2001 JASNA Essay Contest First Place Winner High School Division
Alexis L. Teagarden
Brookfield, CT


Setting Sonnets to Music

Sonnets are meticulously crafted pieces of poetry.  They follow stringent rules specifying meter, length, and even pattern of thought.  They are elegant, intricate works that rely on cunning and cleverness to lace together a few words to create a vivid image of the speaker’s emotions or thoughts.  Although their very set up seems to doom them to nothing but academic wit and dry displays of skills, great sonnets break though the traditional patterns and limitations to overwhelm the reader with passion.  From the most restraints comes a pure, honed vision and communication.  Sonnets, therefore, are very like the dances in Jane Austen’s novels.  Despite the social constraints inherent in her world, Austen was able to use dances and dancing to open up the volatile, inner soul of her characters.  Dancing reveals unspeakable emotions, such as love and hate, as well as sheds lights on the very essence of her characters.  Her books, and their many film adaptations, delight in using the formal dance as a background to the passionate thoughts and ideas within her dancers.  The irony of a structured backdrop exposing the more elemental world of emotion is one that works well in sonnets and dance.  Austen, who came two hundred some years after her countryman William Shakespeare, could be said to have set his sonnets, and their ironic components, to music.  She, like him, used the limitations of convention to describe the less raw world of the heart.

So I, for fear of trust, forget to say
The perfect ceremony of love’s rite
And in mine own love’s strength seem to decay,
O’ercharged with burthen of my own love’s might: (“83” 5-9)

This is a sonnet with which several of Austen’s characters would agree. Mr. Knightley, of Emma, certainly would, as would Jane and Bingley, from Pride and Prejudice, and Fanny, of Mansfield Park. These characters act out the words of the sonnet, by using their dancing to show the feelings they cannot express. Mr. Knightley is unable to tell Emma how he loves her.  It is only when she asks him to dance that Knighley is able to express a bit of his emotions.  When Emma says, “…you know that we are not really so much brother and sister as to make it at all improper,” Mr. Knightley tellingly exclaims, “Brother and sister! no, indeed,” (Emma 298).  Here, his depth of feeling for Emma is quick to rise up against the suggestion of a family connection that would make marriage impossible.  Dance brings out his love.  In the 1995 Miramax version of Emma, Gwynth Paltrow and Jeremy Northam, Emma and Mr. Knightley, reveal their characters’ love in this scene by holding eye contact as they dance.  This shows the strong undercurrents of emotions running between them.   Dancing also brings Mr. Bingley and Jane together.  He singles out Jane, “-because he danced with her twice.  To be sure that did seem as if her admired her,” (Pride 11).  Bingley’s affection for Jane is pointed out to Mr.

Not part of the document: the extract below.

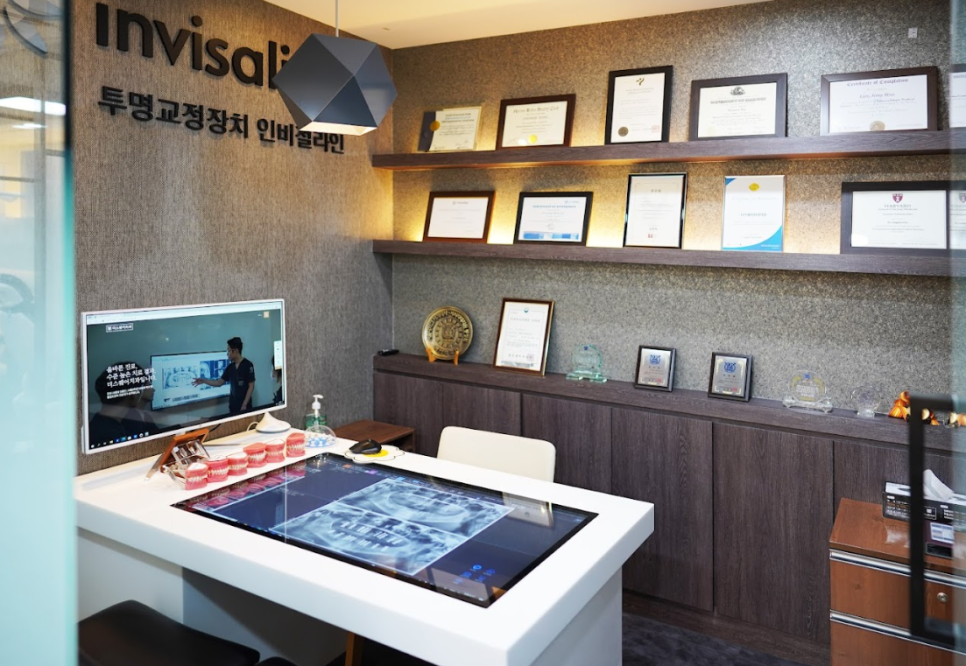 앞니 깨졌을때, 레진으로 끝날지 크라운으로 갈지 여기서 갈립니다. 관련 이미지 7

Darcy, and the reader, as the couple dances (Pride 63). Their feelings develop as they dance, though they both refrain from verbally committing.  Similarly, Edmund describes, unknowingly, how wonderful his relationship with Fanny is while they dance.  “I have been talking incessantly all night, and with nothing to say.  But with you, Fanny, there may be peace.  You will not want to be talked to.  Let us have the luxury of silence,” (Mans. 225).  Fanny readily agrees, providing her beloved Edmund with the soothing atmosphere he desired.  She protects him, and they are comfortable together, showing what a true relationship is.  These three couples find satisfaction and a means to communicate their love in dancing.  They also show the reader how their relationships are progressing, despite what is or is not said.  “Oh learn to read what silent love hath writ:/To hear with eyes belongs to love’s fine wit,” (13-14) pleads sonnet “23.”  They are lucky in their ability to reach their desired partners and give vent to their inner emotions.

Many of Austen’s characters, however, fail to “hear with their eyes” initially.   In Pride and Prejudice, Mr. Darcy, whose entire trouble with his Elizabeth arises from, at, and about a dance, is also forced to use the strained ritual to advance his relations with her.  But, unlike Edmund, his partner shows no concern for his feelings.  With Darcy, the dance still symbolizes his affection and hidden emotions, but it is not enough to overcome Elizabeth’s prejudice.  As Darcy’s feelings grow, he offers Elizabeth his hand in dance several times: accepting Sir Lucas’s prompt at the second ball and asking Elizabeth to join him in a reel at Netherfield.  Darcy does not reach out to Elizabeth by his words; it is his persistent attention that shows how he feels.  Elizabeth, despite her “fine eyes,” is unable to see the meaning behind Darcy’s actions.  When she finally does dance with him, Darcy remains cold, and Elizabeth alternates between silence and mockery. The A&E 1995 adaptation, featuring Jennifer Ehle and Colin Firth as Elizabeth and Darcy, use the dance well to show the characters’ emotions.  At this ball, in Volume II, this dance shows Darcy’s tentative moves towards kindness, and Elizabeth’s determination to dislike him.  Though Elizabeth claims to be puzzled about Darcy, the reader and viewer clearly see his growing admiration and his true personality.  While Darcy’s actions show how Austen developed feelings of love, Elizabeth’s represent Austen’s skill at illuminating feelings quite opposite to it.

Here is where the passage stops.